Mia dreht sich langsam zum Publikum herum. Sie wird die Menschen an ihrem Leben teilhaben lassen, an ihrem Kummer. Doch um sie zu erreichen, muss sie ehrlich sein. Schluss mit aller Imitation. Mit einer fließenden Bewegung öffnet sie den Reißverschluss ihres Catsuits und streift die mitternachtsblaue Hülle von ihrem Körper. Man hört vereinzeltes Seufzen, ein Raunen geht durch die Reihen. Endlich ist Mia wieder Mia, so wie man sie kennt. Die Atmosphäre verändert sich, wird dichter und wärmer. Mia fühlt sich willkommen. Endlich kann sie loslassen.

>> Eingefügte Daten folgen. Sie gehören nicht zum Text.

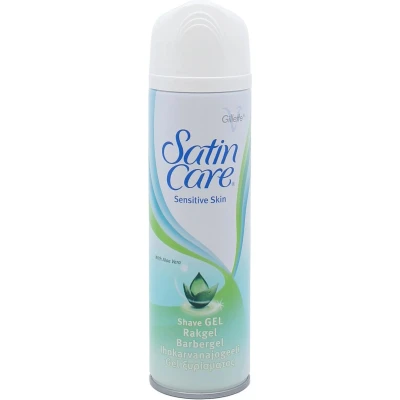 Afbeelding van Gillette Scheergel Satin Care Sensitive 200 ml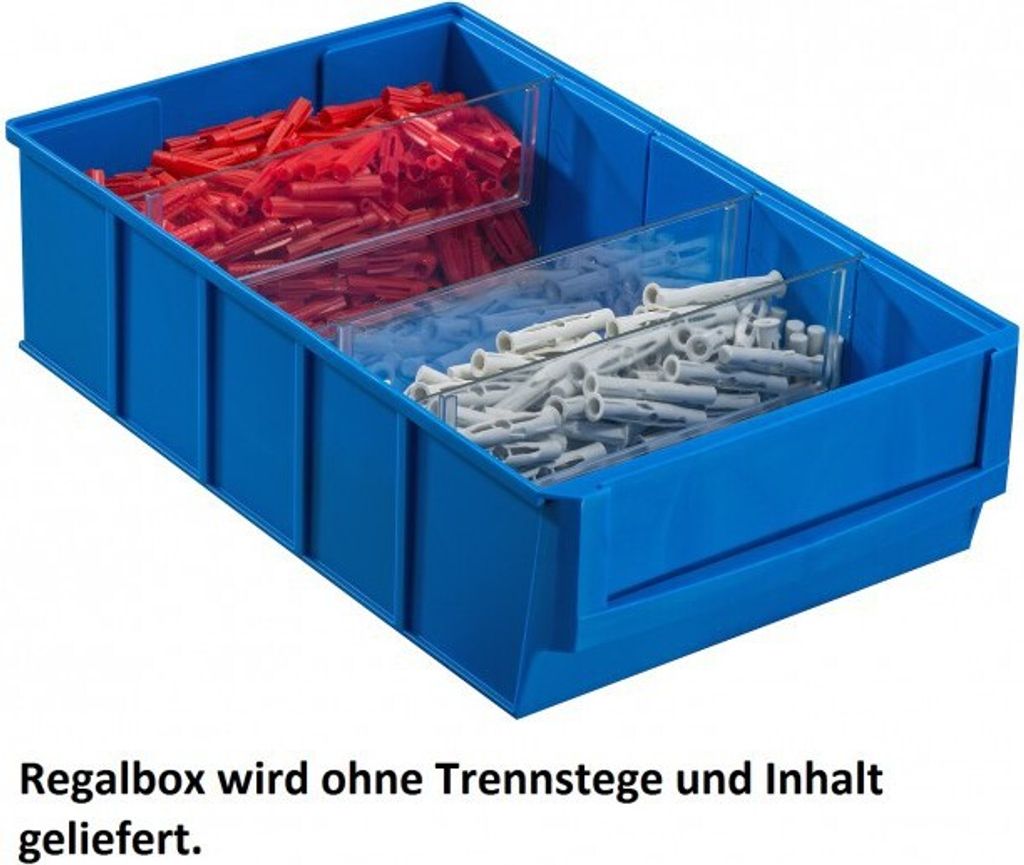 Industriebox 'ProfiPlus ShelfBox 300B, blau, 1 Stück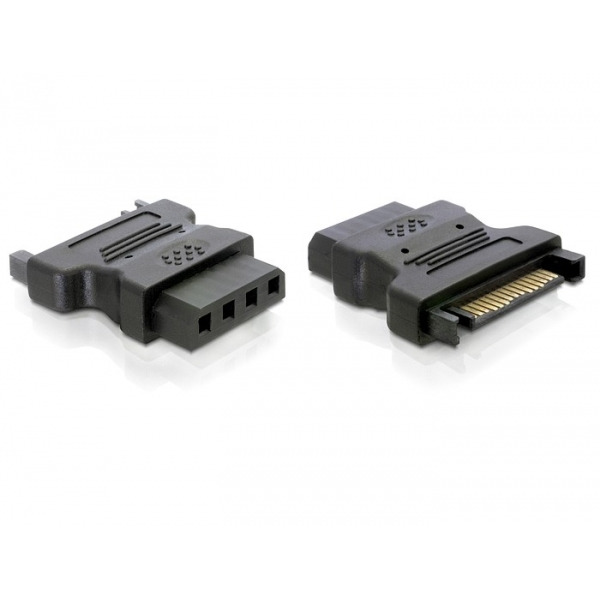 DeLOCK Adapter 15-Pin SATA > 4-Pin IDE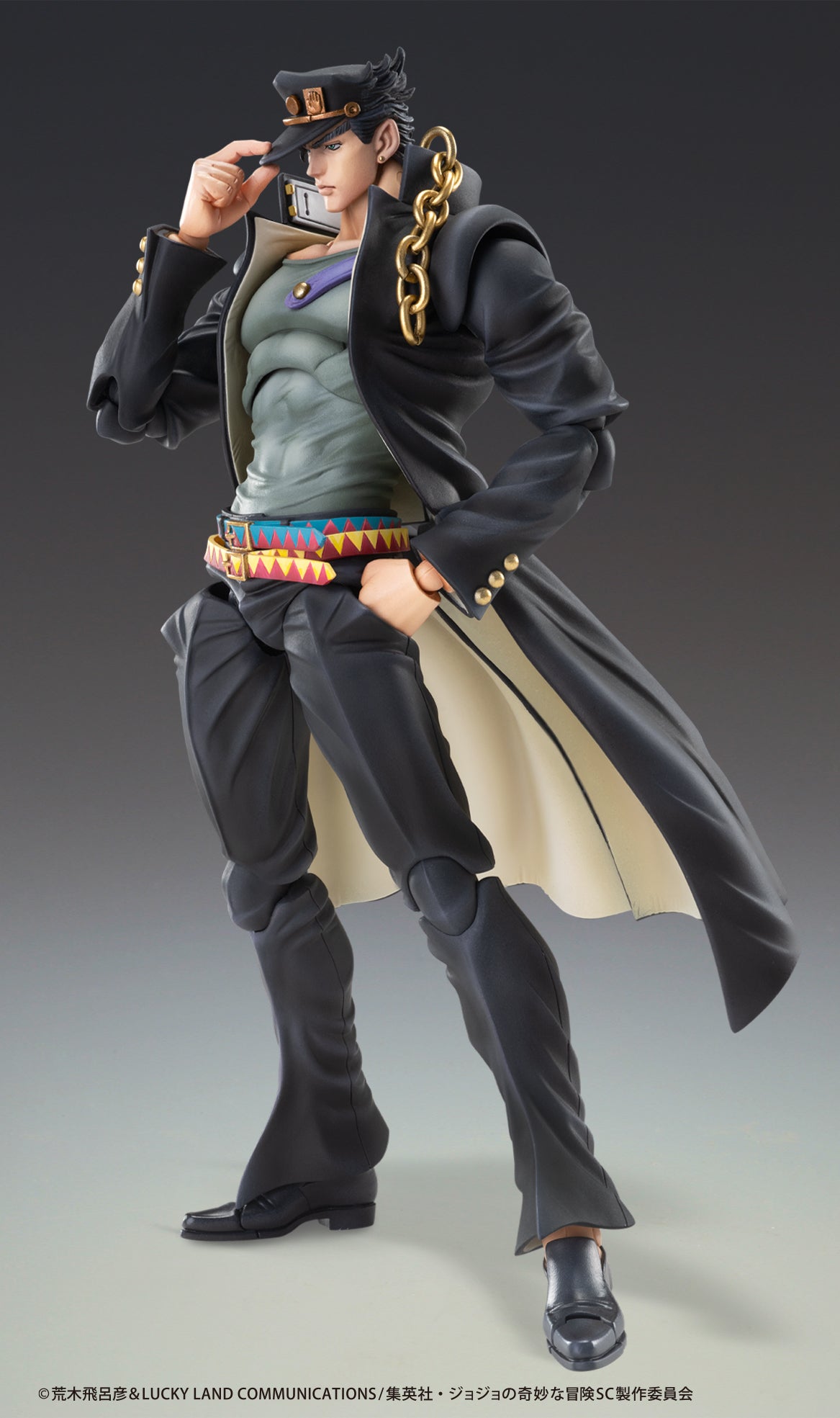 JoJo's Bizarre Adventure: Stardust Crusaders Chozokado Jotaro Kujo Ver 2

Und so fängt sie an, den Menschen von ihrer Liebe zu erzählen. Das tut auf einmal gar nicht weh, nicht wie in all den Monaten vorher. Nein, diese Liebe ist heiter, flirrend, ein Lachen auf dem Sprung, ein Sonnenstrahl, der die Nasenspitze kitzelt. Mia wiegt sich mit geschlossenen Augen, fängt an zu tanzen, zu springen. Dann kommt Zidat ins Spiel der Erinnerung und die Liebe wird anders, verzehrt sich. Die Töne werden dunkler, die Bewegungen hektischer. Da blitzt Leidenschaft auf, ein aggressiver Unterton, der vorher nicht mitklang. Mia birgt das Gesicht in ihren Händen, bevor diese über ihren Körper gleiten. Diesmal allerdings hungrig zupackend, bar aller Zärtlichkeit. Mia gehört nicht länger sich selber, sie wird zum Objekt unter diesen Händen, die nicht mehr die ihren sind – doch sie lässt es zu, ist biegsam unter dem Griff, versucht immer noch die Harmonie herzustellen und das hört man auch. Die Menschen bleiben von diesem Ringen nicht unberührt. Manch einer der Männer ballt die Faust im Zorn, als rote Striemen auf Mias Haut sichtbar werden. Manch eine Frau blickt den Mann an ihrer Seite an, nachdenklich, sinnierend, erschrocken. Man erkennt sich wieder in dem Gerangel und nicht jeder weiß, wie er darauf reagieren soll.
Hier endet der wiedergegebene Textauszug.